Professor Alicia Sintes had just finished teaching a class at the University of the Balearic Islands on September 14th and was heading to lunch when she started getting urgent messages.
The international physics project she had been working with for more than a decade had detected something unusual through instruments in the United States. Soon she was getting a "tsunami of emails" alerting researchers about the detection.
"I was like 'what the hell is going on'," Sintes told The Local over the phone from her office in Palma de Mallorca.
From that point on, researchers around the world, including in Sintes' group, worked tirelessly to analyze data and understand what the instruments had found.
It was officially announced on Thursday that the instruments had picked up for the first time ever gravitational waves - ripples in the fabric of space and time produced by massive objects, first predicted by Einstein 100 years ago. This is an unprecedented discovery that even Einstein himself thought was not possible.

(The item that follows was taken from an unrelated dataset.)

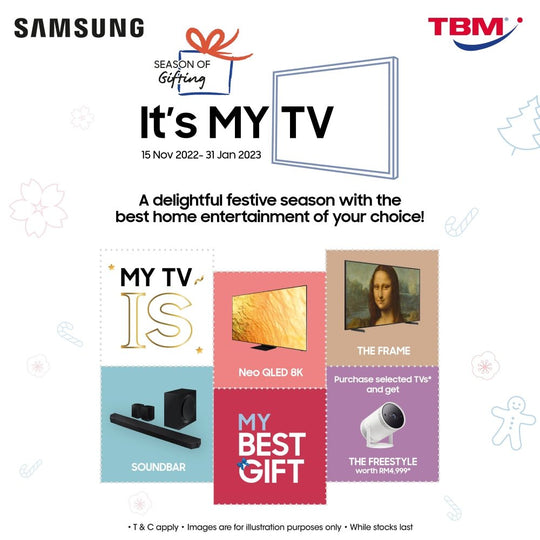 TBM x Samsung It’s MY TV Gifting | 15 Nov 2022 – 31 Jan 2023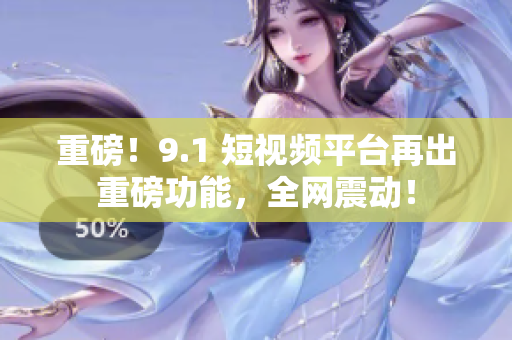 重磅！9.1 短视频平台再出重磅功能，全网震动！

The instruments stationed in Louisiana and Washington were part of the Advanced Laser Interferometer Gravitational-wave Observatory (LIGO) project which involved 1,000 researchers in 15 different countries, including just one group in Spain under Sintes.
The gravitational waves detected came from two black holes merging together into a bigger black hole - 1.3 billion years ago.
The detectors in the US use an L-shape to send lasers to two different ends and then back to the centre. If one laser returns after the other one, it means a gravitational wave stretched space and time resulting in one laser taking longer than the other to get back.
The detection of these waves offers a new method for astrophysicists to study outer space. Previously, researchers had relied on methods involving light, but now Sintes said scientists can also use gravitational waves to find new objects.
"We now have a new way to observe the universe... we can listen to the universe," she explained.
When Einstein first wrote about gravitational waves in 1916, he believed they could never be detected because they were too faint.
“I don't think he would mind being wrong, I think he would be happy,” Sintes told The Local.
Sintes' group has worked to confirm data analysis from the detectors. Several members of the team also played a major role in the project, including a student who was in the control room in the Washington observatory when the waves were detected, and Sintes' husband at the Balearic Islands university who helped identify the merger of the black holes.
This discovery has been a long time coming for many like Sintes. The observatory took decades to build and cost $1.1 billion.
"I've spent 19 years of my life analyzing noisy data, and now we have something real, something not from Earth," Sintes said. "And then you are happy to see that finally we see something and we see it so clearly."
But the work is not over yet, Sintes said, and they have to continue to study more data picked up by the instruments to see if there are other signs of cosmic activity.
Could this finding win the multinational team the Nobel Prize?
"I think so," Sintes told The Local. "This is not just one event, more will come. Within the next five years, it will get the Nobel Prize."